Varuna grew angry and complained to Lord Brahma. When Brahma pleaded his inability to control Kashyapa, Varuna uttered the following curse. "Since Kashyapa has coveted my divine cow, may he be born in the cowherd caste among men. His wives Diti and Surasa who were present during this sacrifice shall also be born with him. Just as my cow's calves are grieving, separated from their mother, let Aditi suffer the sorrow of parting from her children. She shall see her children die before her very eyes there. She will lead a life of sorrow, spending most of her time in prison!"
Brahma also affirmed this curse, pronouncing that Kashyapa and his wives shall be born among the Yadavas (a cowherd clan) on earth. According to these curses, Kashyapa was born as Vasudeva in the Yadava clan and married Devaki, the sister of Kamsa. She was the incarnation of Aditi.
Sometime after this, Indra, the son of Aditi, goaded by his mother had caused the fetus of Diti to be split into seven pieces (I believe with the Vajra), and hence Diti uttered the following curse on Aditi: "Let seven sons be born to you and be killed." This curse took effect when Aditi was born as Devaki.
Vishnu was born as a son named Naryana to Kashyapa, by a wife named Moorthy. The primordial man Nara was born as his younger brother. From a very young age, both these sages, displayed a great interest in Tapas (penance). They repaired to the banks of the river Ganga and began meditating upon the supreme Brahman, also known to as "Tath". They began to be regarded by the various Rishis as the foremost among ascetics. Possessing the essence of Vishnu, these two hermits indulged in the most severe austerities.
When their penance came to the attention of Indra, he became afraid that they were coveting his throne. Besides, by the intensity of their penance, all three worlds were tormented by unbearable heat. The King of the celestials began to think as to how this penance of Nara - Naryana may be rendered ineffective.
At last, he proceeded to their hermitage and said to them, "O Rishis! Know me to be the immortal Indra, the King of Heaven! I am very much pleased with the austerities undergone by you two. I shall grant you any boon you desire. Ask, and it shall be yours."
Since the two Rishis were deep in meditation, they did not even perceive that they were being addressed by Indra. Angered, Indra tried to frighten them by resorting to his tricks of illusion. The sages paid no attention to it. He of the thousand eyes then caused ferocious animals to spring forth from thin air.

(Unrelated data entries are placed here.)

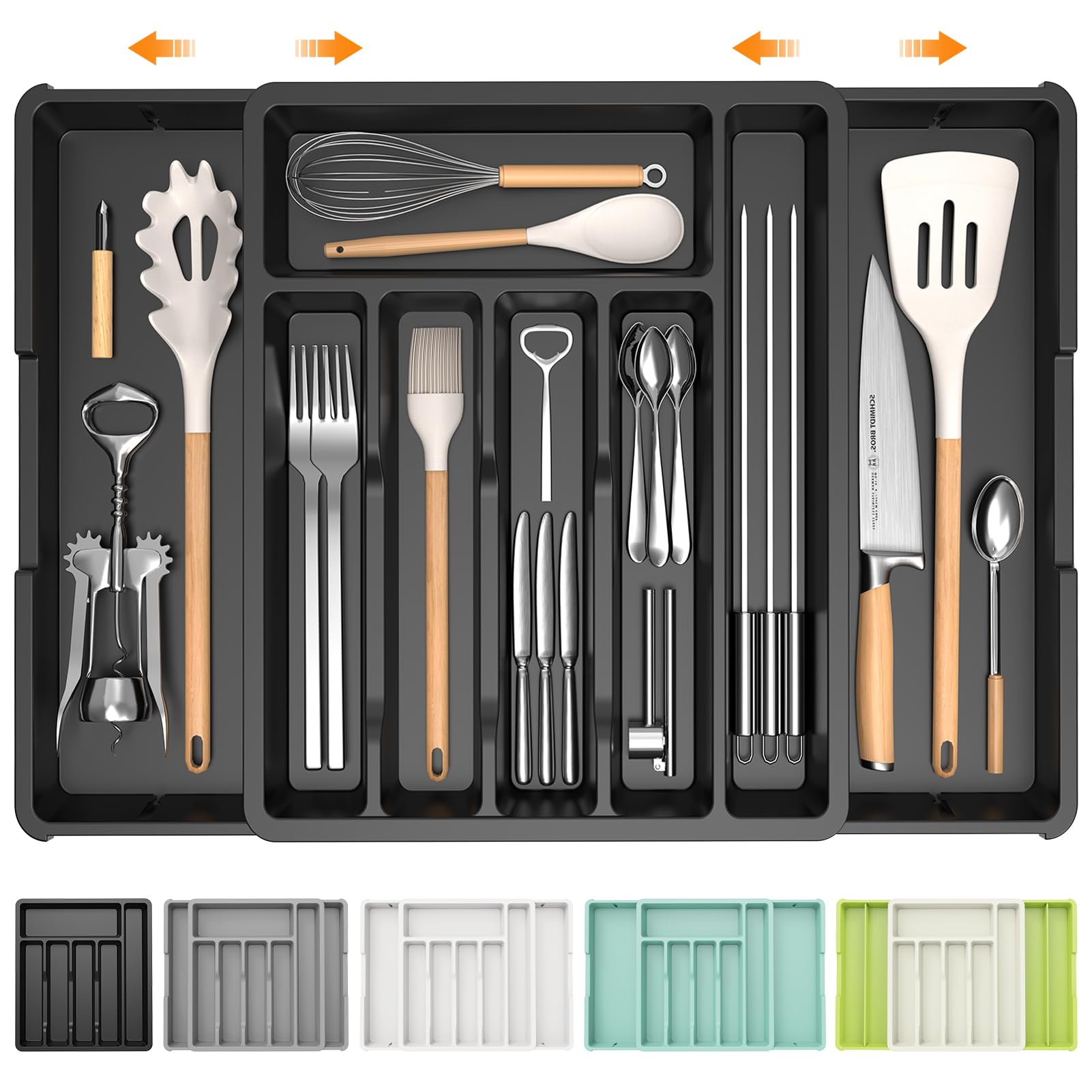 Photo 1 of iDavosic.ly Silverware Drawer Organizer, Expandable Utensil Tray for Kitchen, Large Adjustable Plastic Cutlery Flatware Holder for Knife Fork Spoon with 8-10 Compartments, Black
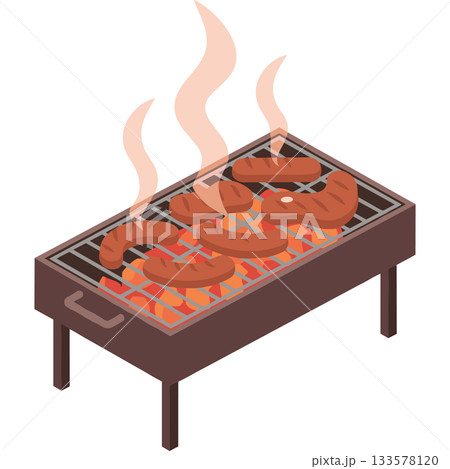 煙が立ち上るバーベキューコンロで肉を焼くベクターアイコン 煙が立ち上るバーベキューコンロで肉を焼くベクターアイコン 133578120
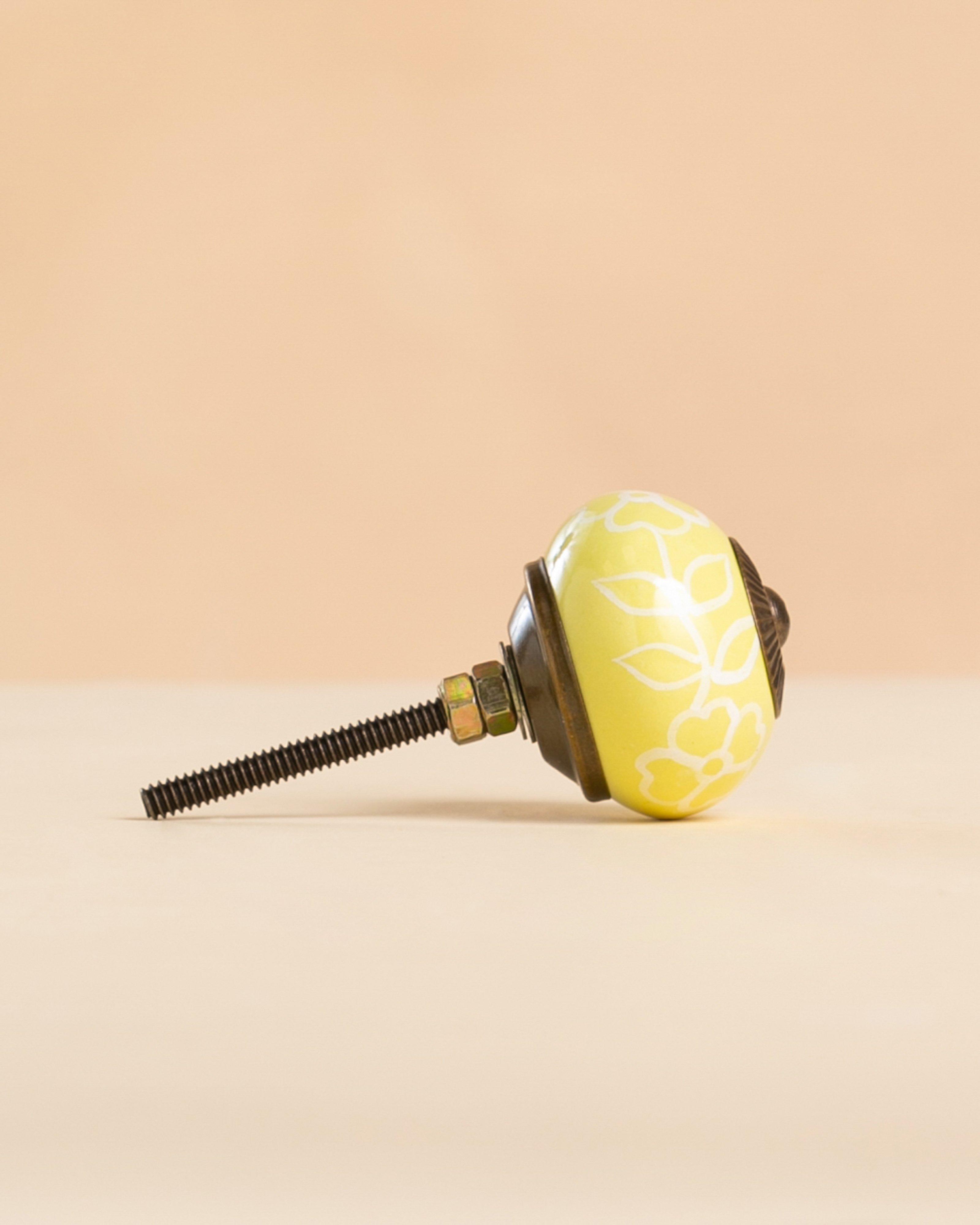 Yellow Leaf Ceramic Floral Knob -  Yellow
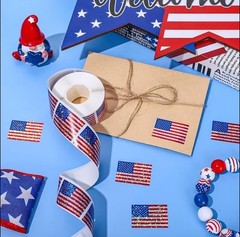 40 PCs ~1×1.5” Holographic American Flag Stickers July 4th Celebration Patriotic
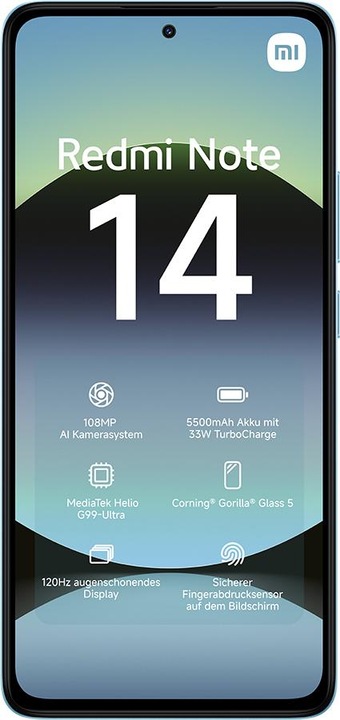 Image du produit Xiaomi Redmi Note 14 (256 Go, Ocean Blue, 6.67", Double SIM, 108 Mpx, 4G)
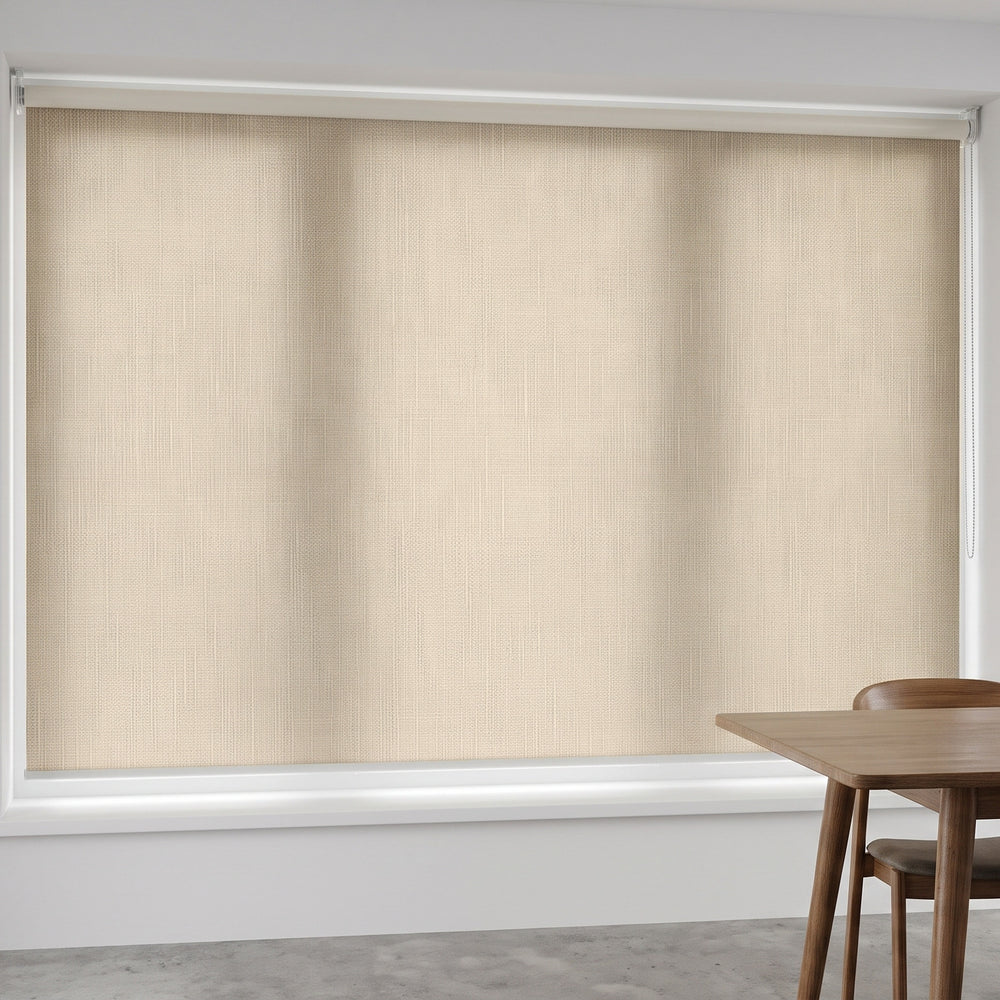 Linesque Light Filtering Roller Blind in Wicker, recess fitted in a dining room window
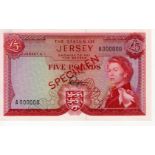 Jersey 5 Pounds SPECIMEN note, issued 1963 signed Padgham, Queen Elizabeth II portrait, serial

However, the lions and tigers and elephants that he created, would not attack the sages, for they perceived the spark of divinity in them.
Thwarted in his attempts, Indra retired to his capital Amravathi in the heavens. He thought to himself, "Nara and Naryana, who are meditating upon the glory of the supreme Devi, will not be swayed by either fear or greed. They cannot be conquered by illusion, nor by force. They are sinless and cannot be defeated by any army that I can conjure up. How can I disrupt their penance?"
Despite his better judgment, impelled by fate, Indra resolved to make one more attempt to thwart the penance. He summoned Kama, the God of Love and the angel of Spring and said to them: "O Kama, go forth with Spring, your wife Rati and the most beautiful of the Apsaras. Repair to the place known as Sundhmadhanaparvatha (a mountain). In the hermitage known as Badrikashrama, the Nara and Naryana, the sons of Kashyapa are indulging in the severest of austerities. They have renounced all worldly pleasures and have devoted their life to penance. Use your most potent arrows of love on them. Make them fall in love with the lovely nymphs, the celestial dancers from my court and make them forget their vow of celibacy. You are the sole means for my deliverance from the danger that they pose to my throne!"
Obeying the orders of his King, Manmatha chose five of his most potent arrows and placed them in his quiver. He then reached the hermitage, accompanied by his wife Rati and the celestial Nymphs. These nymphs, including Rambha, Tilottama began to sing in a seductive voice, accompanied by divine music and started to dance before the young sages. For his part, the angel of Spring caused all flowers to bloom in season.
Nara opened his eyes and cast a questioning glance at his elder brother. Naryana said, "Brother, this divine song and music is being caused by the Apsaras. Obeying the orders of Indra, they have come here accompanied by Kama and Rati to disrupt our penance. How else can we explain the fact that it seems to be spring in the middle of winter? Looks like Indra has lost his sense and is trying to overcome us with seduction!"
While Naryana was thus explaining the situation to his brother, the army of love appeared before them. It was truly a sight to behold. Kama was the handsomest man in all three worlds, his wife Rati, the most beautiful woman. Confronted by the united beauty of the Apsaras Rambha and Tilottama it was hard for anyone to retain possession of their senses.
These divine nymphs approached the sages and saluted them. After that, they resumed the singing and dancing, with the intent to arouse the baser instincts in the hermits. However, the sages were unmoved. Naryana thought, "These nymphs have too much pride in their beauty. I shall demonstrate the power of my penance! I shall create a woman who shall surpass all these women in beauty!"
He then slapped his hands on this thighs (in Sanskrit, Uru means thigh), and from his thighs sprang a maiden who was far more beautiful than the Apsaras. This woman was named Urvashi. Along with this nymph, many more beautiful women were created by the Naryana to serve her.
Seeing the divine beauty of Urvashi, Rati, Rambha and Tilottama were ashamed and repented their evil intent to disrupt the penance. They prostrated themselves at the feet of the hermits and said, "O Great ones, Let these new nymphs created by you go to heaven instead of us. All of us want to become your wives and serve you. Please accept us."
Naryana said, "It is enough that you have seen the error of your ways. Indra had nothing to fear from us. Impelled by his fears, he tried to use you to disrupt our penance. He has not succeeded. We two have taken a vow of celibacy in this birth. We cannot accept you as wives. However, I shall be born as Krishna and my brother Nara shall be born as Arjuna. You will be born as our wives at that time. Now, return to heaven. Take this maiden Urvashi and her attendant nymphs with you. Let them be our gifts to Indra.
This concludes the story of Urvashi's birth.
[Note: According to [Devi:4.17.23], Nara and Naryana were reincarnated as Arjuna and Krishna consequent to the curse of sage Bhrigu.]